A matéria, de autoria do vereador Paulo Coitinho (Cidadania), surge como uma pauta bastante discutida junto ao Conselho Municipal do Povo de Terreiro. O vereador conta que foi feita uma pesquisa por e-mail, expondo o projeto. Segundo Coitinho, a proposta recebeu mais de 600 assinaturas on-line. “No início, nas construções das cidades, a religião católica sempre determinou os padroeiros das cidades. A gente está fazendo uma reparação histórica e religiosa para Pelotas”, acrescentou.
No entanto, o projeto recebeu uma série de ataques nas redes sociais. As ocorrências foram registradas como intolerância religiosa na Polícia Civil e estão sendo apuradas, bem como a identidade das pessoas que estão por trás dos ataques.
Esse preconceito com as religiões de matriz africana ainda é muito presente em nossa sociedade como um todo. No entanto, para Mãe Elisângela de Oyá, pertencente à casa de religião Ilê Nação Cabinda Pai Ogum e Mãe Oyá, projetos de leis como esse são um passo importante em direção à representatividade e à inclusão religiosa. “O Estado é laico há muitos anos, mas nós nunca tivemos a nossa representatividade, agora, teremos. E isso é de uma força, é de suma importância para a nossa religião”, relata. “Cada um tem sua crença, seus valores, sua maneira de falar com Deus, e todas as maneiras são consideráveis e têm que ser respeitadas”, ressalta.
A líder religiosa afirma que esse sentimento é ainda maior devido ao fato de Oxum ter como representação uma imagem feminina. “Ter uma orixá feminina representando as religiões de matriz africanas é algo fenomenal, é algo muito grandioso para a representatividade feminina e religiosa”, completa Mãe Elisângela.
Quem é Oxum?
Oxum é considerada uma das orixás mais amadas dentro das religiões de matriz africana. Ela é a dona das águas doces e está muito ligada à fertilidade e às crianças, bem como ao amor, prosperidade, beleza, autoestima, esperteza e diplomacia. É sincretizada como Nossa Senhora da Conceição ou Nossa Senhora Aparecida na maioria dos estados brasileiros. Segundo Mãe Elisângela, é comum que mulheres procurem a orixá quando desejam engravidar ou para a proteção de seus filhos.

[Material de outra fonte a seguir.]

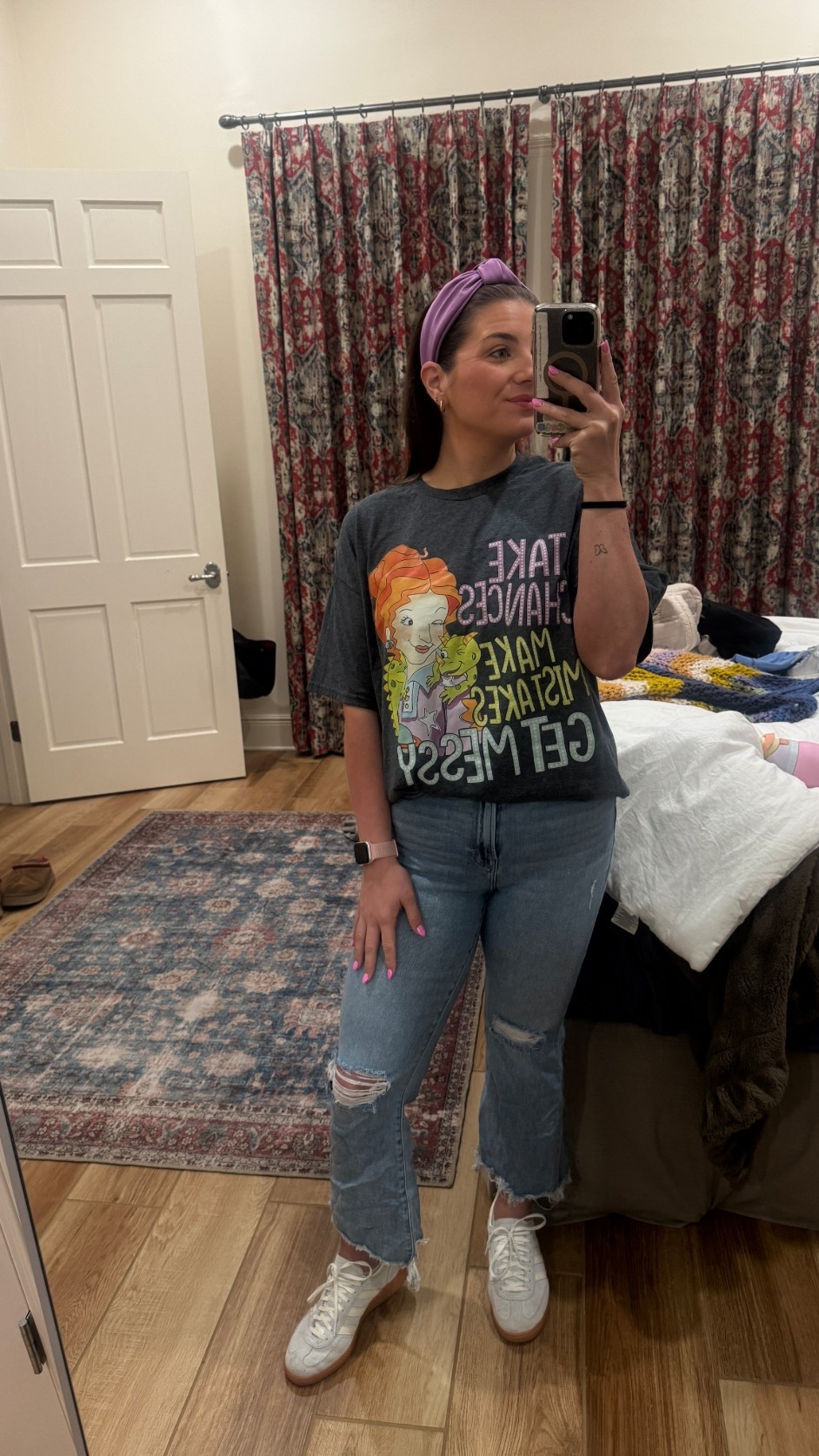 Friday fun ootd, channeling my fashion icon  

#LTKMidsize #LTKTravel #LTKPetite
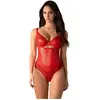 Obsessive - Aliosa Teddy Body - L/XL - Rood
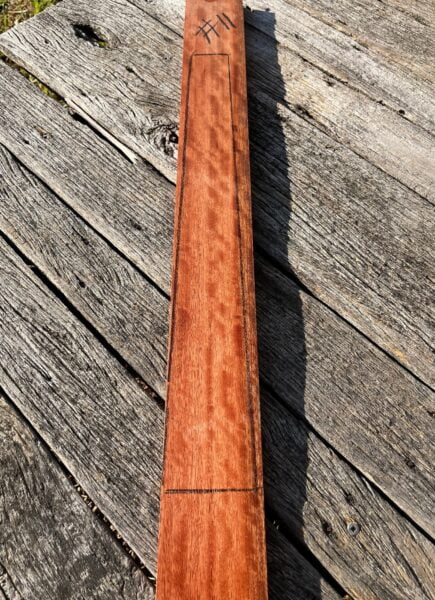 Quilted Rose Gum Fretboard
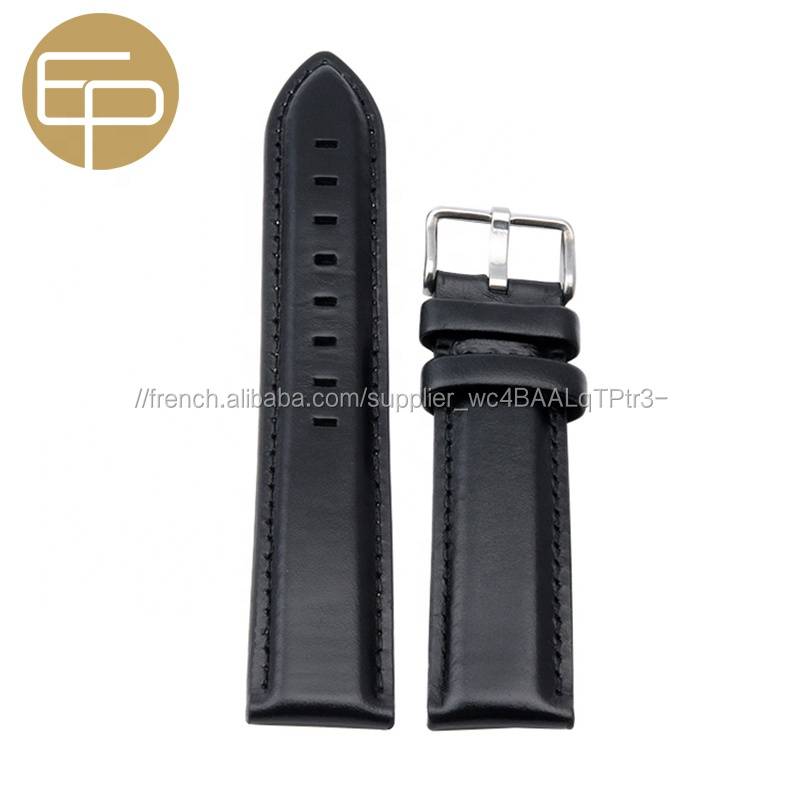 Bonne qualité Huile parfaite veau véritable bracelet de montre en cuir avec trous carrés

A orixá normalmente é referenciada aos sábados e o dia que faz referência a ela é 8 de dezembro. “Neste dia, várias casas de religião, que nós chamamos de Ilês, fazem as suas ofertas e tocam os seus batuques, agradecendo a fartura nas nossas mesas, o amor em família, pelas nossas crianças, pela saúde, enfim, fazendo os nossos agradecimentos pela prosperidade que ela traz para as nossas vidas”, explica ela.
Por que a escolha da orixá como padroeira?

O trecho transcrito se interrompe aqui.